◆ **Problem to work on**
All lines from the one with "Sale - Red Canvas" through the last line of the data below should be copied exactly; please add nothing.

◆ **Task data**
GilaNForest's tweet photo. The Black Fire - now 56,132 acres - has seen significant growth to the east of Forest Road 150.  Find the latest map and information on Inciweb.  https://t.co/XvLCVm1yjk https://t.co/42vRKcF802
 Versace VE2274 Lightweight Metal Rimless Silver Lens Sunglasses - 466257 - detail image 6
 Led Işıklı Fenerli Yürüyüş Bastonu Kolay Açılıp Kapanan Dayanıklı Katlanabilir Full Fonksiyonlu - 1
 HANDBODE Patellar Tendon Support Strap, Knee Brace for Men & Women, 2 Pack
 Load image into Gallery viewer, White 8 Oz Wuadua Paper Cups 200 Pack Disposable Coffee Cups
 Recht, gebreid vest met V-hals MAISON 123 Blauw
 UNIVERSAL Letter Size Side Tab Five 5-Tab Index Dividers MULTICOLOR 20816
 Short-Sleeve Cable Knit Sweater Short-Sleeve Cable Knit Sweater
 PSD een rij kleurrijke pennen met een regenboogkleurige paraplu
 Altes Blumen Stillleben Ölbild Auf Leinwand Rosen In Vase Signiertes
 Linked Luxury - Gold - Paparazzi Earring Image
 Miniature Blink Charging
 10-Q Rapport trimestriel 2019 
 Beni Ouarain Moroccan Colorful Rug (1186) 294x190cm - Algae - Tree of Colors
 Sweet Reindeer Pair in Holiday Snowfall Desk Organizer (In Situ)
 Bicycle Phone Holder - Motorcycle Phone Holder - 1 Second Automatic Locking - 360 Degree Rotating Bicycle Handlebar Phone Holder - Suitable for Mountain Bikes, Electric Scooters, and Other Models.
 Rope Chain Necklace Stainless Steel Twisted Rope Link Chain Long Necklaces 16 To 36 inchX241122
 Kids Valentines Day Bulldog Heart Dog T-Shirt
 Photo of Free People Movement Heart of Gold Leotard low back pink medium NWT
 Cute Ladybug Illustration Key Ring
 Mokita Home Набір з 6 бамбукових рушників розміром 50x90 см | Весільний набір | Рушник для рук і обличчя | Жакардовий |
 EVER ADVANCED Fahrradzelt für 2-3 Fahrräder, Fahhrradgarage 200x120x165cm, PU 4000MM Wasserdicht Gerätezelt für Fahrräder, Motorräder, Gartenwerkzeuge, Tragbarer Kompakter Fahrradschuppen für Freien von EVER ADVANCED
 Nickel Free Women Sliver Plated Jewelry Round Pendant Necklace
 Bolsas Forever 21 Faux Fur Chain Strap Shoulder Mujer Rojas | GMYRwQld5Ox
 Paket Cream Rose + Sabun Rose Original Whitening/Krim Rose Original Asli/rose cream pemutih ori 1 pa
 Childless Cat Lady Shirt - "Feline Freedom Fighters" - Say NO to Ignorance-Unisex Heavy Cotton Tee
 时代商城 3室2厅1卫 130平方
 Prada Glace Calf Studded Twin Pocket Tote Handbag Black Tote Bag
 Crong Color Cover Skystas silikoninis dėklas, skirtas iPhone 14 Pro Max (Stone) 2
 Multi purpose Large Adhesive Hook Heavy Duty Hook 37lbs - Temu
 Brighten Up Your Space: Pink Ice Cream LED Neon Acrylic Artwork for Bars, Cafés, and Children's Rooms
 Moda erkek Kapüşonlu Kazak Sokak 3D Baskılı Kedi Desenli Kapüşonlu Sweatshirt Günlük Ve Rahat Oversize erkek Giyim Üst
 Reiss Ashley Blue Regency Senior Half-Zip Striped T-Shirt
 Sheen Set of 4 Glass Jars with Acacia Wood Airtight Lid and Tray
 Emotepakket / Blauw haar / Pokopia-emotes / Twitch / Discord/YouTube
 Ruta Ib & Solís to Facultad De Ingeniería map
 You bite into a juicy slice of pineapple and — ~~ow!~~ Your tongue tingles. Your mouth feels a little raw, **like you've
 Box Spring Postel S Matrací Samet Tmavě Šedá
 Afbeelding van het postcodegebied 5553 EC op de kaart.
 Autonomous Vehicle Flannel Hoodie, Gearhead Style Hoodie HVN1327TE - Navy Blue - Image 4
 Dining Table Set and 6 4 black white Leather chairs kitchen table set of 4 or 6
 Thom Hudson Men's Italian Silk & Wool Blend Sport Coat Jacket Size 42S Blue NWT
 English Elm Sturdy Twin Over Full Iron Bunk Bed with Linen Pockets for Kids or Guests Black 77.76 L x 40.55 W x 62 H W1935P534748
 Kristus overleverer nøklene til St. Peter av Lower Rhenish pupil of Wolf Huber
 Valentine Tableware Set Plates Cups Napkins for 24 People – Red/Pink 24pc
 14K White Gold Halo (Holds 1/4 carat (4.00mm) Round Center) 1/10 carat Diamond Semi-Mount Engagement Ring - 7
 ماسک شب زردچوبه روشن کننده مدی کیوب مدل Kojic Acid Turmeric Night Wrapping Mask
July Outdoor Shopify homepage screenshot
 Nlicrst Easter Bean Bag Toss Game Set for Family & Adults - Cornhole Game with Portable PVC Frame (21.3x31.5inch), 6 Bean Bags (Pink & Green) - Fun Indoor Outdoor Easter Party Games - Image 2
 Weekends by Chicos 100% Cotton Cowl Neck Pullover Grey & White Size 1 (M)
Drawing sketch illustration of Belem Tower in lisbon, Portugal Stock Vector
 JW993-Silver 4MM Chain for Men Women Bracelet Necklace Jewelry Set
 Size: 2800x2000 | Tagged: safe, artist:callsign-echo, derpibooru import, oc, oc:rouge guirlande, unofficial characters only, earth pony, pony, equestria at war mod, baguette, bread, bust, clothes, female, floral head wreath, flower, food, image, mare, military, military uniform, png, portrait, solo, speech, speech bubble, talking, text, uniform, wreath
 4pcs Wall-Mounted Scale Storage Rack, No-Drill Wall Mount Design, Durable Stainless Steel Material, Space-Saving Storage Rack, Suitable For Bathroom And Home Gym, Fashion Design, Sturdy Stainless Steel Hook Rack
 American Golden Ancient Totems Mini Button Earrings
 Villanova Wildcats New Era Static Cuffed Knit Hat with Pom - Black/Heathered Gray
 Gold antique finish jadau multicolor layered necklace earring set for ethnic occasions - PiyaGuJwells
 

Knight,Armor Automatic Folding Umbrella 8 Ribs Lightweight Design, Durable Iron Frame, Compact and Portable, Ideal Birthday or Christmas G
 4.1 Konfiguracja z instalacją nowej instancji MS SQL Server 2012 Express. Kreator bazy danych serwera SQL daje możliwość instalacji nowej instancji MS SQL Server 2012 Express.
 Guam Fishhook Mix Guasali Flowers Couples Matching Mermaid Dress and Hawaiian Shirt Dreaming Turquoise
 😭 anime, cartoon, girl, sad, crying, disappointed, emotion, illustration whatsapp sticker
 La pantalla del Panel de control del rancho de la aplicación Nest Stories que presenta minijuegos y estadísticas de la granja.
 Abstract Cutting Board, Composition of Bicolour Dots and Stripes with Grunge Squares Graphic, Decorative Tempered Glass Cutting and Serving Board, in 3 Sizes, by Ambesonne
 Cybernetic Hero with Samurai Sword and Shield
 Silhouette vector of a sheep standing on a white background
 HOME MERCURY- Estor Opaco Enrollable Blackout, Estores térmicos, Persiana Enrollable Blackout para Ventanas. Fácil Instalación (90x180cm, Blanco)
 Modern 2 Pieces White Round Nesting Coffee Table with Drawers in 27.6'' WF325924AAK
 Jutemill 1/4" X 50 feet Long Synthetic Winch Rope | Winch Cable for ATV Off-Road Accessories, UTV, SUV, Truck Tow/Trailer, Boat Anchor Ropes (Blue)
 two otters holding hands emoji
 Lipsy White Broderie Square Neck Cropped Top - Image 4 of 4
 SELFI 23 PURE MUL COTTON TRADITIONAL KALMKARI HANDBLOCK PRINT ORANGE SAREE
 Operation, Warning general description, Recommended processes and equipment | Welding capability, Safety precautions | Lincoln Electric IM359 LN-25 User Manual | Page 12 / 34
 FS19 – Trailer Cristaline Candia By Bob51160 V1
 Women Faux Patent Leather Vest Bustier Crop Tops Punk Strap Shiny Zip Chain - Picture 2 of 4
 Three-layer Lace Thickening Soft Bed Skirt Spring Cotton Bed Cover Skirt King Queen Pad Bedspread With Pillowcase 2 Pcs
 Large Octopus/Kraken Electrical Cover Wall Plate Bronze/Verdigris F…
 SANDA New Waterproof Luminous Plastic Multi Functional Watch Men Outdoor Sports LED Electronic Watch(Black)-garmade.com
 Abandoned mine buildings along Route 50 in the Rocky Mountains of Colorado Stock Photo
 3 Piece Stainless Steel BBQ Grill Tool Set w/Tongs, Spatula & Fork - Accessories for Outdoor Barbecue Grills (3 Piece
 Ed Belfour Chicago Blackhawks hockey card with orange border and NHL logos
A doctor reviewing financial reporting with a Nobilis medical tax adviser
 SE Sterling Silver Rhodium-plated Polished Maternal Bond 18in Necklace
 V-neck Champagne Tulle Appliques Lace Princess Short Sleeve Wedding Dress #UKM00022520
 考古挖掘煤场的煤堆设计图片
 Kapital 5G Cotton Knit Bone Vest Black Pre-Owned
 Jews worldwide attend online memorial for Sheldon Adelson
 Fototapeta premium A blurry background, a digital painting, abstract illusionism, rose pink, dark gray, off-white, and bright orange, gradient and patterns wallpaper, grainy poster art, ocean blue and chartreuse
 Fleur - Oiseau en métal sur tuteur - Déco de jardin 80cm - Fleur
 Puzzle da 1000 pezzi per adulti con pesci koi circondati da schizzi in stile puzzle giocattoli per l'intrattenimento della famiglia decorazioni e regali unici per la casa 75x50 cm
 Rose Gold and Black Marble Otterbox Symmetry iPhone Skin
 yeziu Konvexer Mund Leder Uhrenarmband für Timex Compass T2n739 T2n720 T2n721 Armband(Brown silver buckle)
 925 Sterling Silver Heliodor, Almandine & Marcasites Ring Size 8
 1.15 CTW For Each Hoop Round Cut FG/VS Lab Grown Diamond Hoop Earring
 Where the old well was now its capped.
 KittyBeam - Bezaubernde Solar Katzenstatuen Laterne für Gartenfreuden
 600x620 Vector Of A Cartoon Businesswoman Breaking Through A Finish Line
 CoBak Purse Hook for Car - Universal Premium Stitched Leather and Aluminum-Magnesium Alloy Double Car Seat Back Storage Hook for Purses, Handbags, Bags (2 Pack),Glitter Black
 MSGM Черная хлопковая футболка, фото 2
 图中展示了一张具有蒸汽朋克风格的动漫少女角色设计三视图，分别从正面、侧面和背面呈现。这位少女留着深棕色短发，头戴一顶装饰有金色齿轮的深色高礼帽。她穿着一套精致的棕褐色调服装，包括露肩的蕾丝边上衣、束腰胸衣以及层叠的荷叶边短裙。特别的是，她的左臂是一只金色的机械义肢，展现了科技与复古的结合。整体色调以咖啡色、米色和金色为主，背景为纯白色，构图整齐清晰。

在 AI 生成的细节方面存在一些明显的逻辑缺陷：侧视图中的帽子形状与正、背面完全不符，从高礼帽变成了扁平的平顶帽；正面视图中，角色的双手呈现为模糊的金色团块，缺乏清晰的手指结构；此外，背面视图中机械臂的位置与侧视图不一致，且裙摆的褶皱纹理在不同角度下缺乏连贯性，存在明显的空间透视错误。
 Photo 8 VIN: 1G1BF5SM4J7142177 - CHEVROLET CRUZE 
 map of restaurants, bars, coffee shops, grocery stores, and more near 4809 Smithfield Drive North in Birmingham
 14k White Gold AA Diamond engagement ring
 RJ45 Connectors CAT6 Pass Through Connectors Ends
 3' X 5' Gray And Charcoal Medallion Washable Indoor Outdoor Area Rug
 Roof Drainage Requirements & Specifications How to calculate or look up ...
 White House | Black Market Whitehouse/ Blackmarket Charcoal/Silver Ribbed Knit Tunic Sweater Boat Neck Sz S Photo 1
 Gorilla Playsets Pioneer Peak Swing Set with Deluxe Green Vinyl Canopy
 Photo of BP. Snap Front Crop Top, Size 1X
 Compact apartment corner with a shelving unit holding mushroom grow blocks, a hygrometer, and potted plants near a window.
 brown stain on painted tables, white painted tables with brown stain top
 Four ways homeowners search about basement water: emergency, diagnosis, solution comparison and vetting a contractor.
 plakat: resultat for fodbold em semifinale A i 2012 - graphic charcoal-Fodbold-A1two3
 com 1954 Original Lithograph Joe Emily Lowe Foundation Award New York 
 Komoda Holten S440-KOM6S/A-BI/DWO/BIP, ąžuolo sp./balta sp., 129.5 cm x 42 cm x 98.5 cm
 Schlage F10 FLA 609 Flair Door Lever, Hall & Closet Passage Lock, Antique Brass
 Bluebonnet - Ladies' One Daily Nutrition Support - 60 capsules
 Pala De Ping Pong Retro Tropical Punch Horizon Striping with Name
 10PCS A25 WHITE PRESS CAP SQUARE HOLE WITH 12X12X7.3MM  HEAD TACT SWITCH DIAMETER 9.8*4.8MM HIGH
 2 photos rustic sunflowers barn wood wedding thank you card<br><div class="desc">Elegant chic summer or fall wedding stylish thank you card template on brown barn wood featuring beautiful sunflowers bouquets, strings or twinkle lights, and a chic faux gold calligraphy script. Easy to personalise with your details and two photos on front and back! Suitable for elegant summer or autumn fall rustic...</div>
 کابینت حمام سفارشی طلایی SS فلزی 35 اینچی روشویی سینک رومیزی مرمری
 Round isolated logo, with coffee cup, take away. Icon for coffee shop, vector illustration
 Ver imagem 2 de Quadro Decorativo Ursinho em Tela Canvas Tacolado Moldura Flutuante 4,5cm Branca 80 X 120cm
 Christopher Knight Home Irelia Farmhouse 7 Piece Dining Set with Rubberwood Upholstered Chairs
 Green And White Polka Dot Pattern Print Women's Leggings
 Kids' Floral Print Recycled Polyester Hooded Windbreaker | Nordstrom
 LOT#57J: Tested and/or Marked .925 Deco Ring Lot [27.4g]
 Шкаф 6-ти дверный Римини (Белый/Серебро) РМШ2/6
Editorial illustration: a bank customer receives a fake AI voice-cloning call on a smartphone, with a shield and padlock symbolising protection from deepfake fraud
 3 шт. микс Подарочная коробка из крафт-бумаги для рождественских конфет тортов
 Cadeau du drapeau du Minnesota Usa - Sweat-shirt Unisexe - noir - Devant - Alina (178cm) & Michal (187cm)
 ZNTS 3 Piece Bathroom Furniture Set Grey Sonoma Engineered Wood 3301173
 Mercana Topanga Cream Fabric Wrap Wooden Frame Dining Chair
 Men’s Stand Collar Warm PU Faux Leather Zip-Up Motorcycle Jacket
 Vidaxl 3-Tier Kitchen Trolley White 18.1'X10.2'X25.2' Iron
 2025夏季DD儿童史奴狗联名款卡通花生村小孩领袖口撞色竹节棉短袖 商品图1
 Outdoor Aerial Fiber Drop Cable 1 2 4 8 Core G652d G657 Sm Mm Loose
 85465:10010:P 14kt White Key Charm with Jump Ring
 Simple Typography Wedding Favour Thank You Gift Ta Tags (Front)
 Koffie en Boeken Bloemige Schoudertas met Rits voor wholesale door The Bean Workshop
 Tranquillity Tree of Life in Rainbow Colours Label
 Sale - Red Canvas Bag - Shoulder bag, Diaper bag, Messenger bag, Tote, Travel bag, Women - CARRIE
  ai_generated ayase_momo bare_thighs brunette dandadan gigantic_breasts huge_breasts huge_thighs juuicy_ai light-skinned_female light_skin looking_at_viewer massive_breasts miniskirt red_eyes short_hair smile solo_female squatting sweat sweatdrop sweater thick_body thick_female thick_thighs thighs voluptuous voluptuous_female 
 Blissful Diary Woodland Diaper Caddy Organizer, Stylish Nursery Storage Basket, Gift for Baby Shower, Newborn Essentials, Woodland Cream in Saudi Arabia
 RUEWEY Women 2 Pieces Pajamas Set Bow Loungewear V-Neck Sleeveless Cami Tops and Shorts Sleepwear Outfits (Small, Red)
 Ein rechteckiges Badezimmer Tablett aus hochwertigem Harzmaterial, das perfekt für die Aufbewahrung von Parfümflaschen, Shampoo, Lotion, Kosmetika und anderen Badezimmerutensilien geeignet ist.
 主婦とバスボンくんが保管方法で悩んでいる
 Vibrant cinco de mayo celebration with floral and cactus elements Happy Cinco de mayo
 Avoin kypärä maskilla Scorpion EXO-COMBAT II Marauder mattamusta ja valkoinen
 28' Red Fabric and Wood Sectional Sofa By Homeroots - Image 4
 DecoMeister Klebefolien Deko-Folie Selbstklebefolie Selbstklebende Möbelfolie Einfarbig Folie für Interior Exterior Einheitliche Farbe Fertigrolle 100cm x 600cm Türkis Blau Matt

◆ **Exercise result**
 Sale - Red Canvas Bag - Shoulder bag, Diaper bag, Messenger bag, Tote, Travel bag, Women - CARRIE
  ai_generated ayase_momo bare_thighs brunette dandadan gigantic_breasts huge_breasts huge_thighs juuicy_ai light-skinned_female light_skin looking_at_viewer massive_breasts miniskirt red_eyes short_hair smile solo_female squatting sweat sweatdrop sweater thick_body thick_female thick_thighs thighs voluptuous voluptuous_female 
 Blissful Diary Woodland Diaper Caddy Organizer, Stylish Nursery Storage Basket, Gift for Baby Shower, Newborn Essentials, Woodland Cream in Saudi Arabia
 RUEWEY Women 2 Pieces Pajamas Set Bow Loungewear V-Neck Sleeveless Cami Tops and Shorts Sleepwear Outfits (Small, Red)
 Ein rechteckiges Badezimmer Tablett aus hochwertigem Harzmaterial, das perfekt für die Aufbewahrung von Parfümflaschen, Shampoo, Lotion, Kosmetika und anderen Badezimmerutensilien geeignet ist.
 主婦とバスボンくんが保管方法で悩んでいる
 Vibrant cinco de mayo celebration with floral and cactus elements Happy Cinco de mayo
 Avoin kypärä maskilla Scorpion EXO-COMBAT II Marauder mattamusta ja valkoinen
 28' Red Fabric and Wood Sectional Sofa By Homeroots - Image 4
 DecoMeister Klebefolien Deko-Folie Selbstklebefolie Selbstklebende Möbelfolie Einfarbig Folie für Interior Exterior Einheitliche Farbe Fertigrolle 100cm x 600cm Türkis Blau Matt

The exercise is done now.